# Watering Flowers



## plbgbiz (Aug 27, 2010)

Seemed like a simple request. One of our Apprentices was assigned the task of making it easier for MizBiz to water the flowers in front of the showroom. 

Aside from the riser being short, we all got a real kick out of the idea.


----------



## Shoot'N'Plumber (Apr 27, 2013)

Ida gone with a GROHE 6 head body sprayer for even distribution


----------



## Gargalaxy (Aug 14, 2013)

Cool but better don't show it to Mrs Gar. If I do it we know what's come in..... :thumbsup:


----------



## Phat Cat (Apr 1, 2009)

LOVE IT!!! 

BTW, do you have a storefront window???


----------



## plbgbiz (Aug 27, 2010)

Phat Cat said:


> LOVE IT!!! BTW, do you have a storefront window???


 yes.


----------



## Phat Cat (Apr 1, 2009)

If I had a storefront, I would definitely copy Radiant Plumbing's (Austin) famous toilet displays. You can see them on Facebook.
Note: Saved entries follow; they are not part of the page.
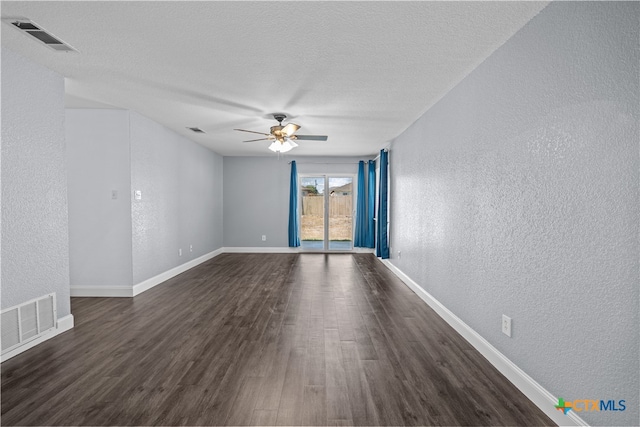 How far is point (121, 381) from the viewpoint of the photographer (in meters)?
2.22

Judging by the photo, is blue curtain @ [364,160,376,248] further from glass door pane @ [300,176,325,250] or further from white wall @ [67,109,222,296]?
white wall @ [67,109,222,296]

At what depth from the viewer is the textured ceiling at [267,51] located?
6.71 ft

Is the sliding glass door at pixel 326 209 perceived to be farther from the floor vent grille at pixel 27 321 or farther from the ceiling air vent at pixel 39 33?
the ceiling air vent at pixel 39 33

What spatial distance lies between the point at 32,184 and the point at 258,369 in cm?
250

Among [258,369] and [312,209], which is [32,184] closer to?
[258,369]

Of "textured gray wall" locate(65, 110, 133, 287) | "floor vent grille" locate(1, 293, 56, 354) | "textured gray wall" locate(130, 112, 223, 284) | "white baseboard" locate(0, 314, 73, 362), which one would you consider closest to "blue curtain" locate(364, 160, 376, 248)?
"textured gray wall" locate(130, 112, 223, 284)

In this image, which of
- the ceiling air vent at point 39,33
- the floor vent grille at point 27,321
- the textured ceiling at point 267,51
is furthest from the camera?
the floor vent grille at point 27,321

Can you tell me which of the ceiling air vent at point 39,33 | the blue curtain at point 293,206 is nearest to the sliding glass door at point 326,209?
the blue curtain at point 293,206

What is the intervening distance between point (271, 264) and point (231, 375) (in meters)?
4.37

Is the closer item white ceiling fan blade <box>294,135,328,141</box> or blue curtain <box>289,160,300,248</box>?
white ceiling fan blade <box>294,135,328,141</box>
It's a great marketing tool in my opinion.


----------



## Shoot'N'Plumber (Apr 27, 2013)

Phat Cat said:


> If I had a storefront, I would definitely copy Radiant Plumbing's (Austin) famous toilet displays. You can see them on Facebook.
> 
> It's a great marketing tool in my opinion.
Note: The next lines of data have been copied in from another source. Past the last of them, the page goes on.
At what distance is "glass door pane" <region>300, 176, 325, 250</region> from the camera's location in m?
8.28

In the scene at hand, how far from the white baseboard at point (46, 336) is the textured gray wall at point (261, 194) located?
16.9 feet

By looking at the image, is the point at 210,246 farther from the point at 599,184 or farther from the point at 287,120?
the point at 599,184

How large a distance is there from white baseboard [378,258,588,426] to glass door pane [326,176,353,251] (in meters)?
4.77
Haha! That display is awesome!


----------



## Gargalaxy (Aug 14, 2013)

Mr. Biz that's so cool hahaha. Thanks phat cat for let us know :thumbsup:


----------



## plbgbiz (Aug 27, 2010)

Gargalaxy said:


> Cool but better don't show it to Mrs Gar. If I do it we know what's come in..... :thumbsup:


I am sending a photo and design specifications to Mz. Gar. :brows:


----------



## Gargalaxy (Aug 14, 2013)

plbgbiz said:


> I am sending a photo and design specifications to Mz. Gar. :brows:


That's not funny Mr. Biz, Mz Gar will make me start right away.....  and I don't need more garden or decoration for awhile :laughing:


----------



## plbgbiz (Aug 27, 2010)

Gargalaxy said:


> That's not funny Mr. Biz...


NOPE! I am relatively certain is IS funny. :laughing:


----------